+++ Records shown +++

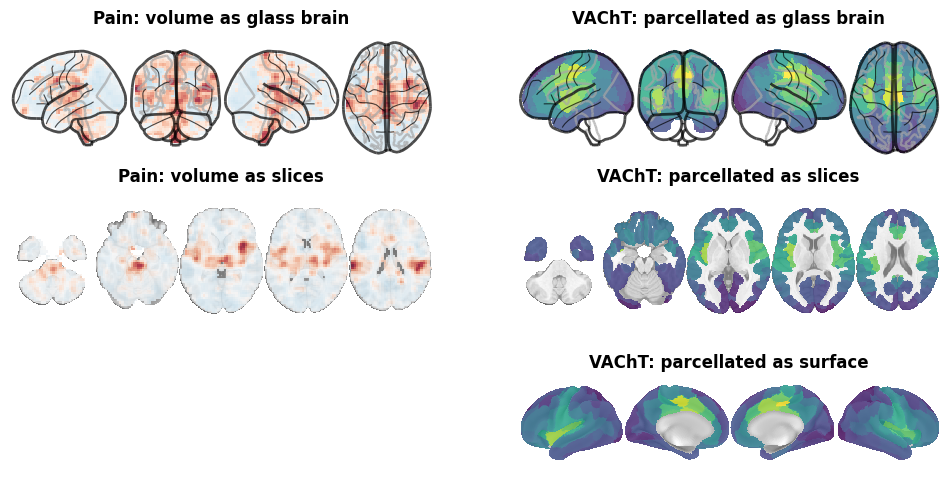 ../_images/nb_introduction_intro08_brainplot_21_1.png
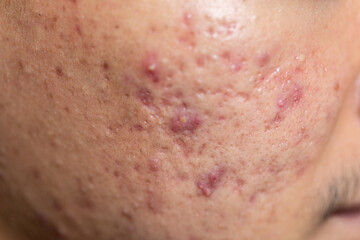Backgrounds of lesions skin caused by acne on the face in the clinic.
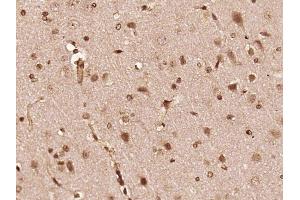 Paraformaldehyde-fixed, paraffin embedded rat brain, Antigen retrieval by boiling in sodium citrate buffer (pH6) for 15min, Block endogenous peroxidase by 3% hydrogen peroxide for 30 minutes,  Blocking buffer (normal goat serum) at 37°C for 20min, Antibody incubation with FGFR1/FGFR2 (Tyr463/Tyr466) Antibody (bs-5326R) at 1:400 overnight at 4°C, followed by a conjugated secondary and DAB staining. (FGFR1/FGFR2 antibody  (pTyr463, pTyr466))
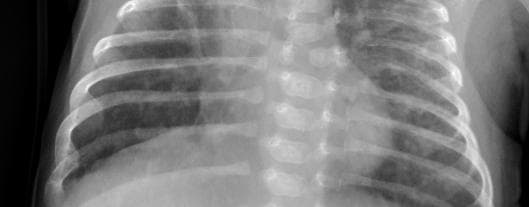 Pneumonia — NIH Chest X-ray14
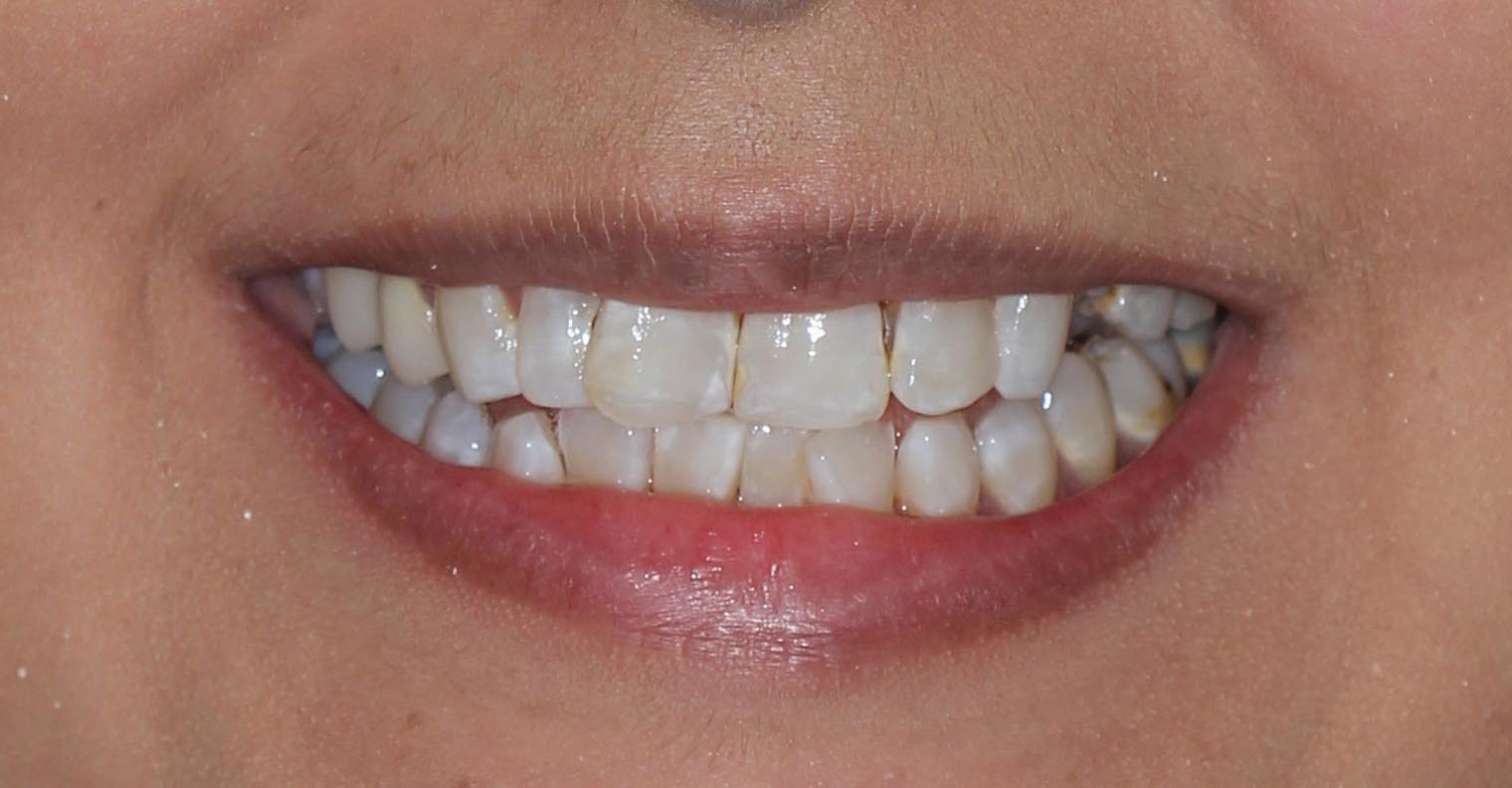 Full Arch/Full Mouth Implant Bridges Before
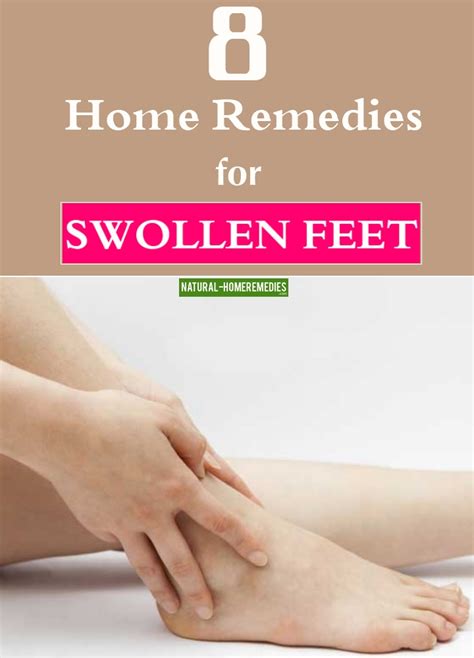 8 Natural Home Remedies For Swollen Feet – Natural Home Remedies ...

+++

* Work request:
Reproduce only the lines between the line with "Full Arch/Full Mouth Implant Bridges Before" and the final line of the records, both included, so that the copy matches them exactly and contains no pictures.

* Written solution:
 Full Arch/Full Mouth Implant Bridges Before
 8 Natural Home Remedies For Swollen Feet – Natural Home Remedies ...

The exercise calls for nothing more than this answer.